Elle a : le souci de son corps (les conseils des magazines ont pour elle toute la rigueur de la théorie militaire. Et un jour, il m'en souvient, une impassible et dure petite lectrice qui doit signer Œil Bleu, m'a dit : "Je ne pleure jamais! Pleurer abîme les yeux !) l'énergie garçonnière, la beauté, la fortune, un certain courage, et surtout, le désir de plaire.
Il lui manque : le goût du sacrifice, le laisser-aller des sentimentales, la paresse amie des songes, quelques-unes de ces contraintes qui sont l'architecture de la vie, l'intérêt pour le plaisir d'autrui, les larmes qui font voir clair, l'humilité, la douceur, Dieu.
Elle vit libre comme un garçon, trébuche dans ce vide plein d'aventures.
Qu'un homme qu'elle dédaignait la préfère à la vie, et la voilà jetée dans le feu d'une passion dont elle seule est l'aliment.
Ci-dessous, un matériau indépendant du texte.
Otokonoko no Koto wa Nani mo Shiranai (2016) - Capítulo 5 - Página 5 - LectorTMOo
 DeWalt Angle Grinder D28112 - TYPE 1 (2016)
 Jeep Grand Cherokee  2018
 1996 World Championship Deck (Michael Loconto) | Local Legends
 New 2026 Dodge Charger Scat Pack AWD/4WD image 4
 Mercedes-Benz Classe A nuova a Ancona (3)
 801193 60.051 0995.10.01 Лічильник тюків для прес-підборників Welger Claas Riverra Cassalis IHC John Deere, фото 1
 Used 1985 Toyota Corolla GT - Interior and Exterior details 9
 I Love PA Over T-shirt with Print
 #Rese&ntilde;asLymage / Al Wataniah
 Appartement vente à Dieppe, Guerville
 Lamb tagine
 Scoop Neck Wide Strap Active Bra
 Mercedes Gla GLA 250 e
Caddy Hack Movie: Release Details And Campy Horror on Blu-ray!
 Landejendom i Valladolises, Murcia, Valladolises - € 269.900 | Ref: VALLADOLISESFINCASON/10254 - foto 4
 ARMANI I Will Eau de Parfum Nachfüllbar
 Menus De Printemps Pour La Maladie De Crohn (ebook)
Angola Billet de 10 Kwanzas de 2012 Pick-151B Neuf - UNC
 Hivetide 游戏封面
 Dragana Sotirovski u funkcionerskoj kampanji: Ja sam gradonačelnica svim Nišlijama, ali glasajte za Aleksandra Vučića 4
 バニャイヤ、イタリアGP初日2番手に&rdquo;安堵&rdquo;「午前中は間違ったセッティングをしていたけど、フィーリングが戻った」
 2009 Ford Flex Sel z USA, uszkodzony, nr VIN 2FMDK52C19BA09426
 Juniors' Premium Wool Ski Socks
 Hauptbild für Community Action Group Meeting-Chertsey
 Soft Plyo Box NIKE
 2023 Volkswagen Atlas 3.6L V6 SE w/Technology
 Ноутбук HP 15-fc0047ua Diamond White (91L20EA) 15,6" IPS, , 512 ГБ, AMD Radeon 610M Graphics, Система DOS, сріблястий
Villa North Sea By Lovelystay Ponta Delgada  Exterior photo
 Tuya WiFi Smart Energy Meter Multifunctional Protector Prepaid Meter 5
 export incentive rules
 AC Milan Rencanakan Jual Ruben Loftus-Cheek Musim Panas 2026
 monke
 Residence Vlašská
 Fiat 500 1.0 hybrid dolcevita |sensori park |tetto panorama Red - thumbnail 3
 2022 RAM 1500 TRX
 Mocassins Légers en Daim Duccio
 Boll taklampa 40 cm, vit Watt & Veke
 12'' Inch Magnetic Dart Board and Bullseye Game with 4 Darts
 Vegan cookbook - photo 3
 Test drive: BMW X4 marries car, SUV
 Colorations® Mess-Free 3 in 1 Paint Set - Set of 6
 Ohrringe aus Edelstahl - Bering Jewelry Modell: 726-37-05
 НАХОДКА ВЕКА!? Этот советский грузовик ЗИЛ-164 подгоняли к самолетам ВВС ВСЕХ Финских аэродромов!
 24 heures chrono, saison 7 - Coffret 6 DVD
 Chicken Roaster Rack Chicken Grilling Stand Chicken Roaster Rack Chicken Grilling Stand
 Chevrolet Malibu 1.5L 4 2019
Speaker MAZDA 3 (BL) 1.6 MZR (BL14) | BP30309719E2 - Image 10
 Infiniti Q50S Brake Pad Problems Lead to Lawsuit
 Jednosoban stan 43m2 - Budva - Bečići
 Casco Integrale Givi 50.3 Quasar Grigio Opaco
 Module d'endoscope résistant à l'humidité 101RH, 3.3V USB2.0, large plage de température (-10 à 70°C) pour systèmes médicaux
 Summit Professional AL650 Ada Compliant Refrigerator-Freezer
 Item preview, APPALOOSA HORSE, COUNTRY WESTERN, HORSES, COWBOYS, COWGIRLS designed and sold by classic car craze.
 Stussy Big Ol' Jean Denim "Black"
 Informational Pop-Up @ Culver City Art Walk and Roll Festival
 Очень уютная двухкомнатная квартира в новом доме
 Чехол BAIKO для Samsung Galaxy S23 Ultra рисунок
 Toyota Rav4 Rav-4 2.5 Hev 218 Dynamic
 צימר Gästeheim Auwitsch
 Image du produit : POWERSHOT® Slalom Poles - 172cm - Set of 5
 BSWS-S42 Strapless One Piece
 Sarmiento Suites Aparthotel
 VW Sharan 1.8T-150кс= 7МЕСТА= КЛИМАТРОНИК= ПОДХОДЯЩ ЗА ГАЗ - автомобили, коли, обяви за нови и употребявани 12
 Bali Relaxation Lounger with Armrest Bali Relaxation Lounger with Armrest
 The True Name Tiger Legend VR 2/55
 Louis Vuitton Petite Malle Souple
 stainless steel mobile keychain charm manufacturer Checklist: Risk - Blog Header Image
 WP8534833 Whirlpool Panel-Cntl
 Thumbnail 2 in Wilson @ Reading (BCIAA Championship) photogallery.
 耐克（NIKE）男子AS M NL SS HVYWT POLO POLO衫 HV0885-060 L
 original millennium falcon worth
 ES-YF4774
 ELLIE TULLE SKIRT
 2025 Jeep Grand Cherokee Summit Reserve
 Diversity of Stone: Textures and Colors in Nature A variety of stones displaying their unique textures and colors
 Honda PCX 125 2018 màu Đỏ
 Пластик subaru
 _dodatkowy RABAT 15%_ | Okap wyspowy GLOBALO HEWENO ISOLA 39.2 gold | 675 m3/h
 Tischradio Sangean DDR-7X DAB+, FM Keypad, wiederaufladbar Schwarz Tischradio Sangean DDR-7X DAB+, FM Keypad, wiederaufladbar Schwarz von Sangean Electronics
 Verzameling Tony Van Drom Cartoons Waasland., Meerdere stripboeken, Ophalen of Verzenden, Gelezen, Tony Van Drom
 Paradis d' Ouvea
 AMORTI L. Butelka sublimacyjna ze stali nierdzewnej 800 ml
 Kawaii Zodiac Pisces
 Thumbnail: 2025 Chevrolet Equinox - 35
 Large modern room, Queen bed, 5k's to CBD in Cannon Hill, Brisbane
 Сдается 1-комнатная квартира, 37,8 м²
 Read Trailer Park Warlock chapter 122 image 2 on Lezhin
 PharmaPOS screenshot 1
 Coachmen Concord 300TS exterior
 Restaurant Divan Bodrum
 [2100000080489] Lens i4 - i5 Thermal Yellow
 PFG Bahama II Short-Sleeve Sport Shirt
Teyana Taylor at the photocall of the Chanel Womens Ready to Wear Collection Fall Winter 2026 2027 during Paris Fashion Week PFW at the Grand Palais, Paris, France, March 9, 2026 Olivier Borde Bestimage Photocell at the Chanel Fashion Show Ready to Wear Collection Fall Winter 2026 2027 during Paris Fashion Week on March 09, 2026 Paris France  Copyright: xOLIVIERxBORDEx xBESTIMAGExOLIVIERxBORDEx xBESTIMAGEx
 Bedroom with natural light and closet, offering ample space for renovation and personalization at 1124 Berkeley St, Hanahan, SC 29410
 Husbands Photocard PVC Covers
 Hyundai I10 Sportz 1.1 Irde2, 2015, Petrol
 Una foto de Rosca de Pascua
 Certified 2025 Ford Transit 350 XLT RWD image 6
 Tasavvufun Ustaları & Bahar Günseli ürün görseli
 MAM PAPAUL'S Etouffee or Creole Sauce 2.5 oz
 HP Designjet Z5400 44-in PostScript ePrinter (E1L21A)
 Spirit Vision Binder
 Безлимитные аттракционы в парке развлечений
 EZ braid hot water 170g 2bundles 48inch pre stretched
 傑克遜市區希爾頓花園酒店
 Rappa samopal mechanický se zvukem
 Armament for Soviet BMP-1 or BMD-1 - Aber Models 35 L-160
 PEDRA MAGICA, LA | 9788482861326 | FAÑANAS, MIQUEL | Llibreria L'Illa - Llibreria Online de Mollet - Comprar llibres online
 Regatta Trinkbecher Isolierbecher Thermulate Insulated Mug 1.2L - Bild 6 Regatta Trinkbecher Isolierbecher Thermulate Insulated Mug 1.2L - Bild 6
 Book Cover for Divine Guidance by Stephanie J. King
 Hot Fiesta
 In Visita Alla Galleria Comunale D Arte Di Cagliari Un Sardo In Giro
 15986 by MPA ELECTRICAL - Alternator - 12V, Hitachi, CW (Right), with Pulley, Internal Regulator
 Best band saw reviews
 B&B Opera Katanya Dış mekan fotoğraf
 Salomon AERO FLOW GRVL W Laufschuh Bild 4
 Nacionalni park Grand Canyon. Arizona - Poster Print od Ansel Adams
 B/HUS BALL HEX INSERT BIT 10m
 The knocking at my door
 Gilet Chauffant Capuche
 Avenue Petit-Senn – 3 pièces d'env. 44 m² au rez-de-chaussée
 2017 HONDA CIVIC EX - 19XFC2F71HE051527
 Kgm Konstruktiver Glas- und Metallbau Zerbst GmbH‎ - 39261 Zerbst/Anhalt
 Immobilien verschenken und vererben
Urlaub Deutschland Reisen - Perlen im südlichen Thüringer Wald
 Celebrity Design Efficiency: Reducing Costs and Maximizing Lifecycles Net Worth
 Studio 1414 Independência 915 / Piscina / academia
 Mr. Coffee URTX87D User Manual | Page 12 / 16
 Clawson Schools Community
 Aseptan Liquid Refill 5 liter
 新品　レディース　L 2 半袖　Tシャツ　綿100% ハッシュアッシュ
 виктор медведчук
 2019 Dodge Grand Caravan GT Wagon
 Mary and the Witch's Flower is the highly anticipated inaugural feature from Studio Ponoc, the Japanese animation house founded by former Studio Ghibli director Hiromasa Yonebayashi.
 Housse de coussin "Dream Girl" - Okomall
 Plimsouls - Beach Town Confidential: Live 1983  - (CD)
Son père, bourgeois veule et fait de ce tissu qui tente le fouet, ne l'a point détournée de cette route, au bout de laquelle il n'y a que l'ombre. Et ce n'est point sa mère qui l'eût pu guider, elle qui se croit dévouée quand elle parfume le mouchoir de sa fille!
Eveline ressemble à quelques demoiselles de son temps. Le cinéma fut sa véritable école. C'est une vamp. Une sensation, et non pas un vrai mouvement du cœur, la fait briller de tout son éclat.»